:: PROVIDED ENTRIES ::
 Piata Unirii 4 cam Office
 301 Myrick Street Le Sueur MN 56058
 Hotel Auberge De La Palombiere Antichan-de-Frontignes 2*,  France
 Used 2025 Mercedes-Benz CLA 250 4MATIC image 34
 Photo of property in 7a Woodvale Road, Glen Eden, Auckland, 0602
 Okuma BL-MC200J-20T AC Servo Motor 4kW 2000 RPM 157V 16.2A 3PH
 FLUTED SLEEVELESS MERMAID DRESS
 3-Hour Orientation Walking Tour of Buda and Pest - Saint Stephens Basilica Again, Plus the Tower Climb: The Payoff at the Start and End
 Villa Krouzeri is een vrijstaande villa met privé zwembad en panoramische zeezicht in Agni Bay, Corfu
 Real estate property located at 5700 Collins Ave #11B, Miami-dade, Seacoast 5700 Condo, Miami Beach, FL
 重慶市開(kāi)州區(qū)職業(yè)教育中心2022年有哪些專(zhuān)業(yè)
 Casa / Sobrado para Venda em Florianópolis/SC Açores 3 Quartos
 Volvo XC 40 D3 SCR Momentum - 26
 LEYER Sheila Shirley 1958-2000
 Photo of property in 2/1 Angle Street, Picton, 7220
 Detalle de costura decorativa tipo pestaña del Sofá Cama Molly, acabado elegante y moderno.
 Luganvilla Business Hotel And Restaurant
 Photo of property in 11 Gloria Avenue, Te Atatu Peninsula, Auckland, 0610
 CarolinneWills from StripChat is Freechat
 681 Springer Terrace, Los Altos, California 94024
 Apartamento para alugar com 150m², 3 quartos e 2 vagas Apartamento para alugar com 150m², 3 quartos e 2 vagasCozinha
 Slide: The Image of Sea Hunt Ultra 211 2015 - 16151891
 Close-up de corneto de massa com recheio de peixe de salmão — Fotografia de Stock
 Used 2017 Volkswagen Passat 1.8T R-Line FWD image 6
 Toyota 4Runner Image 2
:::
> EXERCISE GOAL: Copy each entry exactly, leaving every line as it is.

> EXERCISE OUTPUT:
 Piata Unirii 4 cam Office
 301 Myrick Street Le Sueur MN 56058
 Hotel Auberge De La Palombiere Antichan-de-Frontignes 2*,  France
 Used 2025 Mercedes-Benz CLA 250 4MATIC image 34
 Photo of property in 7a Woodvale Road, Glen Eden, Auckland, 0602
 Okuma BL-MC200J-20T AC Servo Motor 4kW 2000 RPM 157V 16.2A 3PH
 FLUTED SLEEVELESS MERMAID DRESS
 3-Hour Orientation Walking Tour of Buda and Pest - Saint Stephens Basilica Again, Plus the Tower Climb: The Payoff at the Start and End
 Villa Krouzeri is een vrijstaande villa met privé zwembad en panoramische zeezicht in Agni Bay, Corfu
 Real estate property located at 5700 Collins Ave #11B, Miami-dade, Seacoast 5700 Condo, Miami Beach, FL
 重慶市開(kāi)州區(qū)職業(yè)教育中心2022年有哪些專(zhuān)業(yè)
 Casa / Sobrado para Venda em Florianópolis/SC Açores 3 Quartos
 Volvo XC 40 D3 SCR Momentum - 26
 LEYER Sheila Shirley 1958-2000
 Photo of property in 2/1 Angle Street, Picton, 7220
 Detalle de costura decorativa tipo pestaña del Sofá Cama Molly, acabado elegante y moderno.
 Luganvilla Business Hotel And Restaurant
 Photo of property in 11 Gloria Avenue, Te Atatu Peninsula, Auckland, 0610
 CarolinneWills from StripChat is Freechat
 681 Springer Terrace, Los Altos, California 94024
 Apartamento para alugar com 150m², 3 quartos e 2 vagas Apartamento para alugar com 150m², 3 quartos e 2 vagasCozinha
 Slide: The Image of Sea Hunt Ultra 211 2015 - 16151891
 Close-up de corneto de massa com recheio de peixe de salmão — Fotografia de Stock
 Used 2017 Volkswagen Passat 1.8T R-Line FWD image 6
 Toyota 4Runner Image 2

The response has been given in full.